[Dataset excerpts]
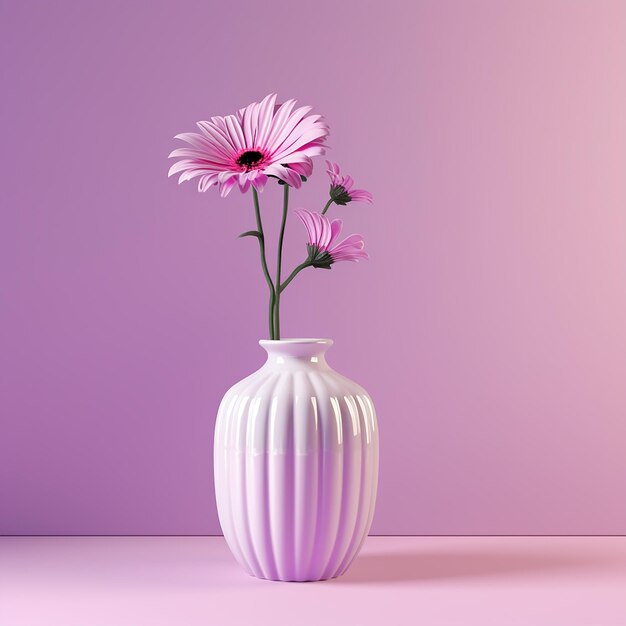 un vase blanc avec des fleurs roses et un fond violet.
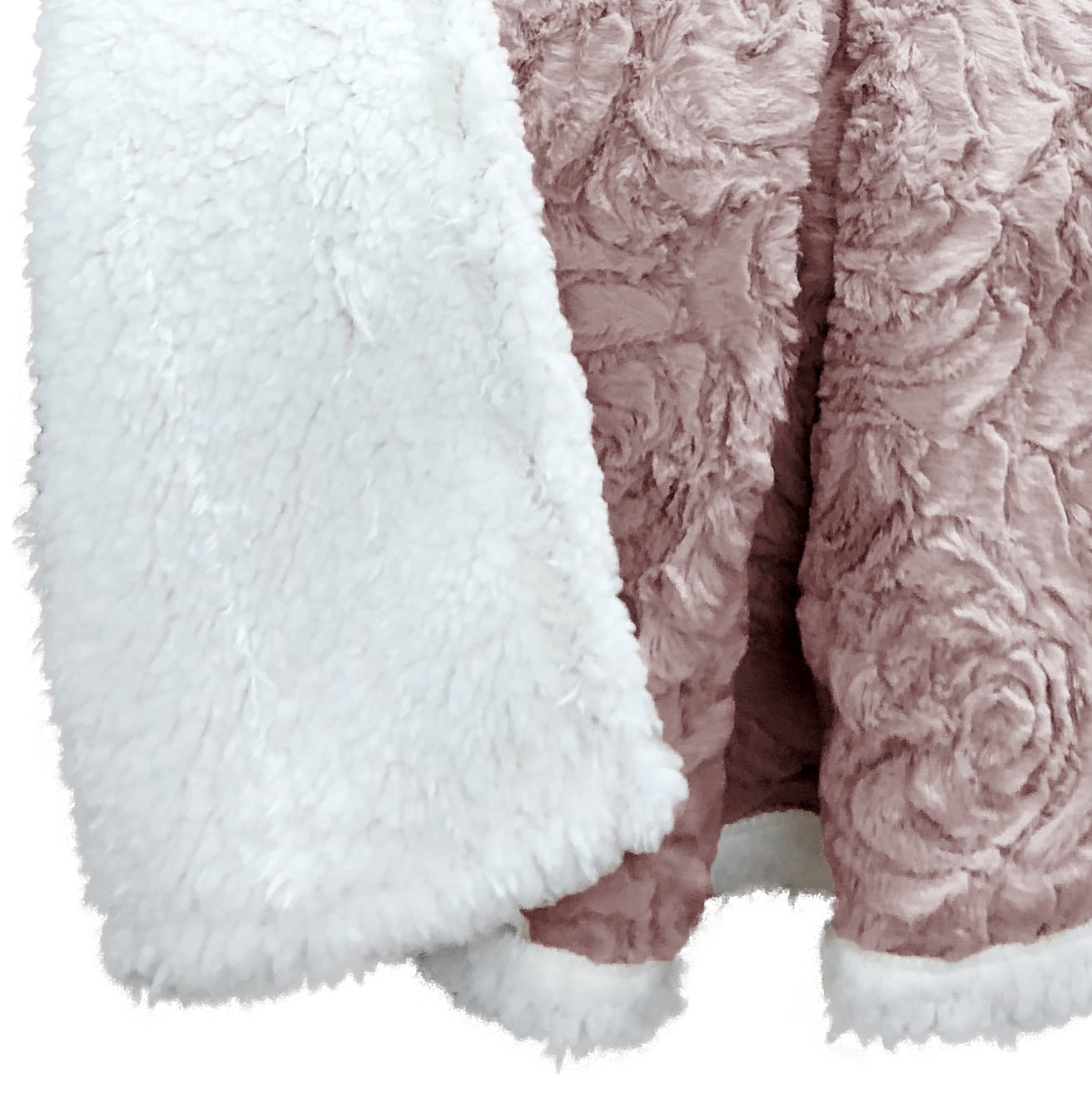 Beverly Faux Fur Sherpa Throw Deep Rose 50x60 inches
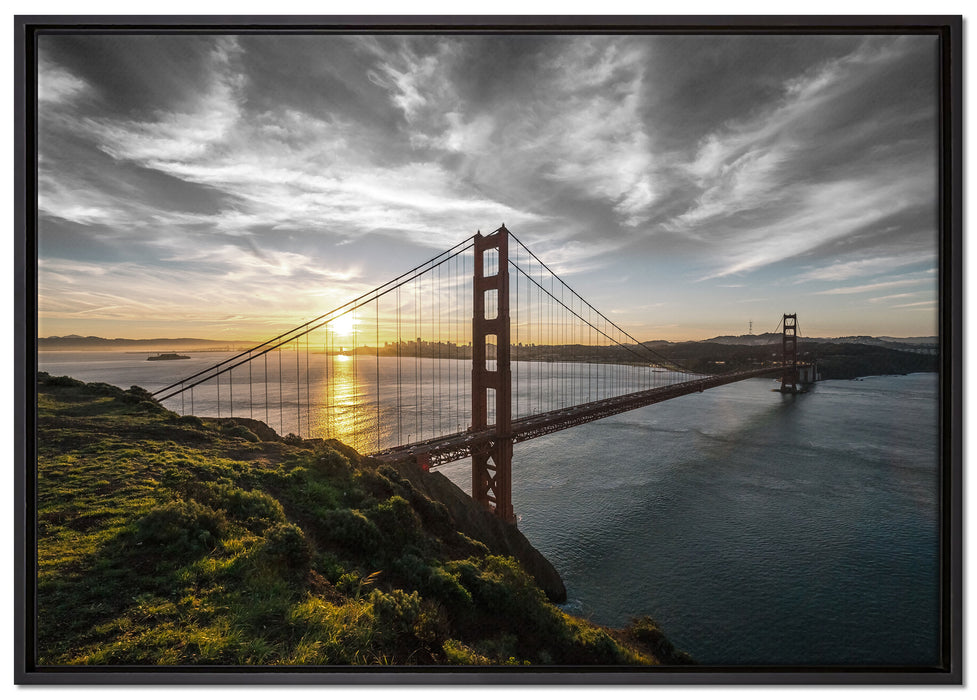 Golden Gate Bridge auf Leinwandbild gerahmt Größe 100x70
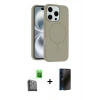 MARSİLYAN™- iPhone 16 Pro Max Kılıf Yankı Form Serisi - Siyah 3D Antistatik Hayalet Cam Ekran Koruyucu + Raze Metal Kamera Lens - SH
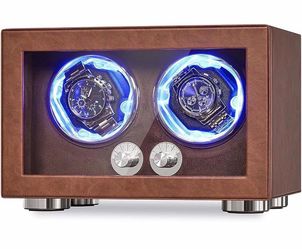 Watch Winder for Automatic Watches, Double Watch Winder with LED and 4 Modes, Automatic Watch Winder Box with Quiet Motor, Watch Spinner with Type-C A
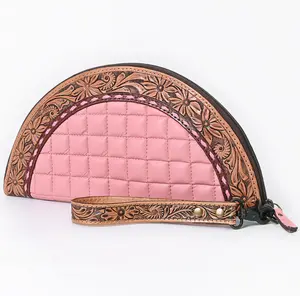 American Darling Hand-Tooled Leather Taco Clutch Western Genuine Leather Wristlet Bag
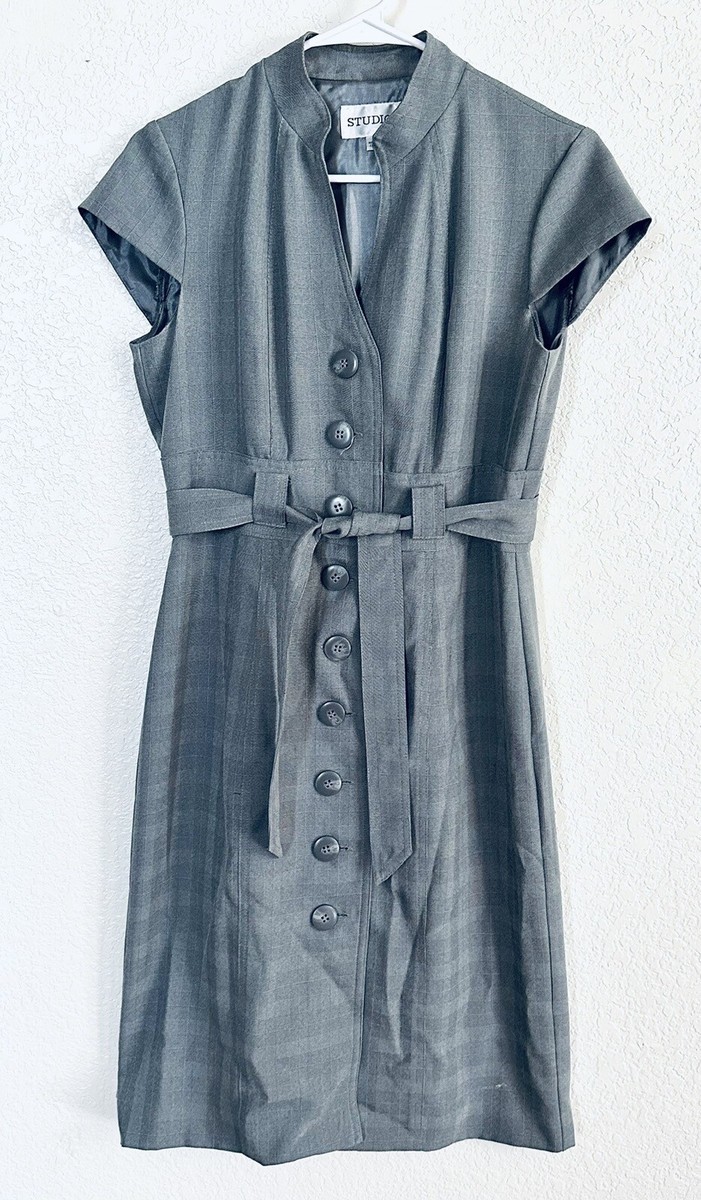 grey cap sleeve dress Vintage Style Gray Cap Sleeve Fully Lined Button-Down Dress Size 8
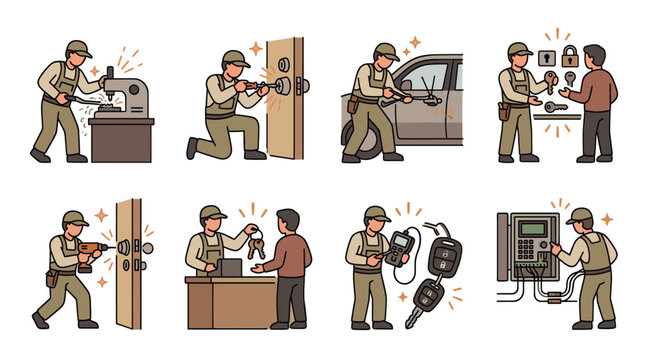 Professional locksmith service worker performs various tasks, including key cutting, lock repair, and car key programming, on a clean white background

What to do
The lines from the one containing "American Darling Hand-Tooled" through the last line of the records are what you should copy, word for word and nothing else, with pictures left out.

Result for this exercise
 American Darling Hand-Tooled Leather Taco Clutch Western Genuine Leather Wristlet Bag
 grey cap sleeve dress Vintage Style Gray Cap Sleeve Fully Lined Button-Down Dress Size 8
 Professional locksmith service worker performs various tasks, including key cutting, lock repair, and car key programming, on a clean white background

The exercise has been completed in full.